Pope Francis appeared to be unaware of the details of abuse suffered by many Irish victims at the hands of Catholic clerics, according to one of the survivors who met him in Dublin on Saturday.
Damian O’Farrell, 53, was one of eight victims who met the Pope at the Papal Nuncio’s residence.
The 90-minute meeting came hours after the Pope acknowledged Irish people had a right to be outraged by the Church’s response.
“He possibly did not have a briefing on the eight of us,” Mr O’Farrell told RTÉ radio, adding that the Pope also seemed to know little or nothing about the Magdalene laundry and Tuam babies scandals.
In June, the Archbishop of Dublin, Diarmuid Martin, said the Pope would be briefed about the abuse of women and children in Irish Catholic-run institutions.
He will know when he comes to the Pro Cathedral in Dublin,” Dr Martin said at the time. “Many people don’t know that but there’s a candle that has been burning there for years reminding people of the suffering that took place.
However, Mr O’Farrell, a Dublin city councillor who was sexually abused by a Christian Brother at the age of 12, said the Pope talked mostly about South America and his homeland of Argentina, “as well as the odd story about his own experience”.

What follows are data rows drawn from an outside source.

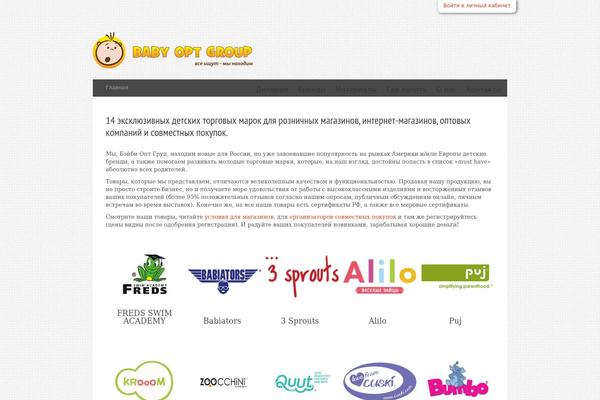 babyoptgroup.ru site used Brainstorm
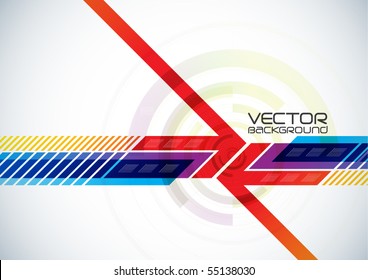 Abstract vector digital background.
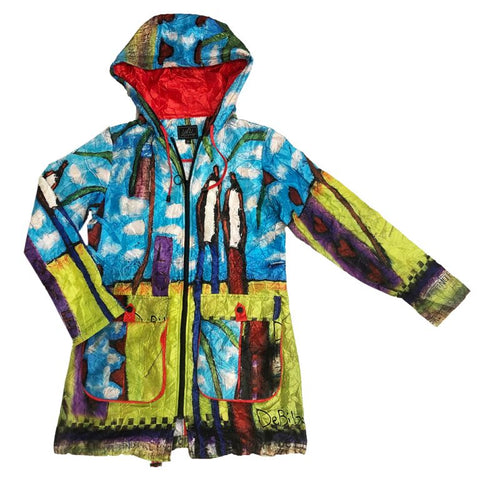 Packable Artist Print Raincoat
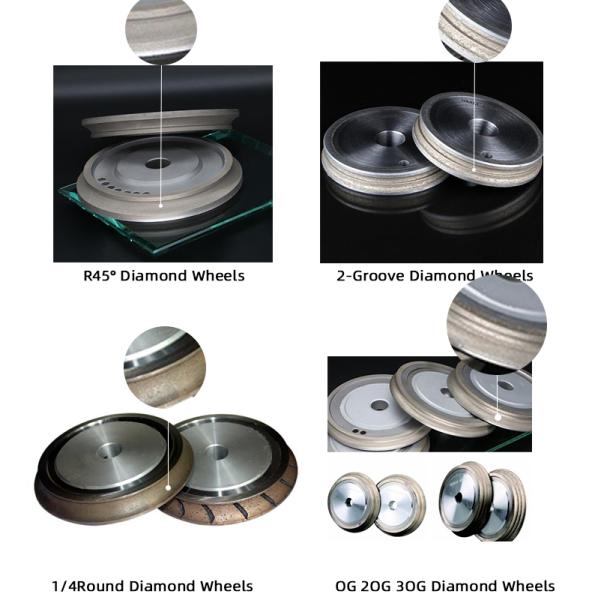 Cheap diamond coated flat lap wheel polishing Angle diamond grinding wheels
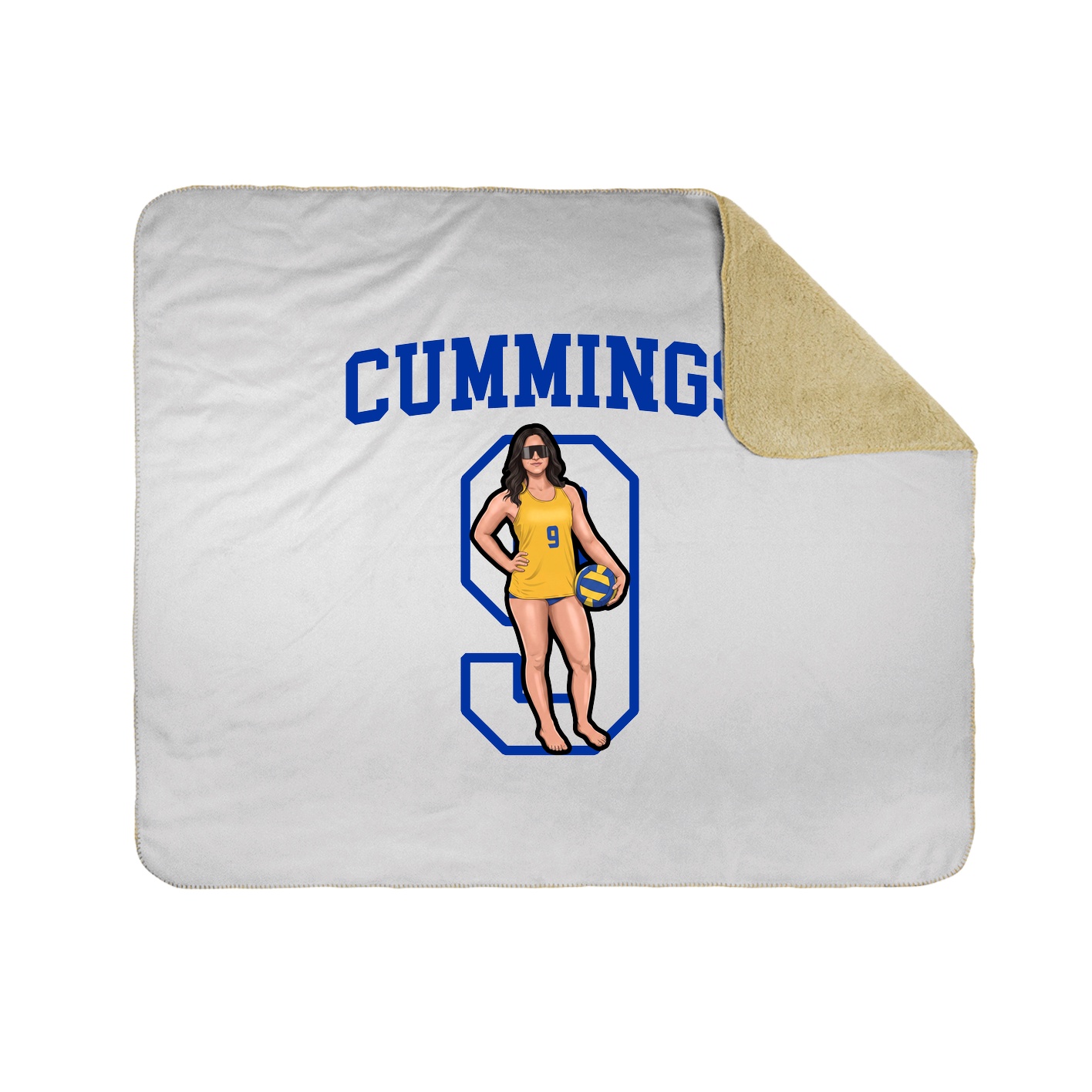 Throw Blanket — Shirsey in White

Also at the meeting were Paul Jude Redmond and Clodagh Malone, who were born in mother and baby homes. Pope Francis was given a copy of Mr Redmond’s book, The Adoption Machine, which details the thousands of deaths and horrors of the homes.
The Pope was genuinely shocked to hear about the 6,000 babies who died and the 3,000 banished babies and the vaccine trials and lifted his hands to his head in shock,” said Mr Redmond.

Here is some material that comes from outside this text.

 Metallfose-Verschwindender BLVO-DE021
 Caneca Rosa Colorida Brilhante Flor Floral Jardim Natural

Ms Malone described the meeting as very powerful.
“He listened with a genuine interest,” she said. “And he asked many questions about mother and baby homes.”
Mr O’Farrell said the Pope came across as “warm and fatherly”. He said he told him he would hold an investigation into the cover-ups of abuse by Church hierarchy.
“I told him that he owed an apology to the Catholic faithful in Ireland who are appalled at the abuse and that he needs to ensure accountability, reparation, and truth,” said Mr O’Farrell. “He said he would do that.”
Earlier on Saturday, at Dublin Castle, the pontiff referred to steps taken by his predecessor, Pope Benedict, as he insisted the Church was acting on abuse.
“It is my hope that the gravity of the abuse scandals, which have cast light on the failings of many, will serve to emphasise the importance of the protection of minors and vulnerable adults on the part of society as a whole,” he said.
With regard to the most vulnerable, I cannot fail to acknowledge the grave scandal caused in Ireland by the abuse of young people by members of the Church charged with responsibility for their protection and education.
"The failure of ecclesiastical authorities — bishops, religious superiors, priests and others — adequately to address these repellent crimes has rightly given rise to outrage and remains a source of pain and shame for the Catholic community. I myself share those sentiments.”
The Pope said he wished to acknowledge women who in the past had “endured particularly difficult circumstances”.
Later, he passed close to the site of a former Magdalene laundry as he arrived on Seán McDermott St in the north inner city to meet wellwishers outside Our Lady of Lourdes Church.
A number of abuse survivors expressed disappointment with the Pope’s speech at Dublin Castle. Survivor Colm O’Gorman called his remarks a staggering effort at deflection that failed to acknowledge the Vatican’s role in covering-up the crimes.
“It was quite shocking actually in some ways,” he said. “He could have talked to us all in a way that was blunt, that was clear, that was frank, that was human, that was accessible.
“He refused to do so. And that’s a huge shame. I think frankly it’s rather disgraceful.”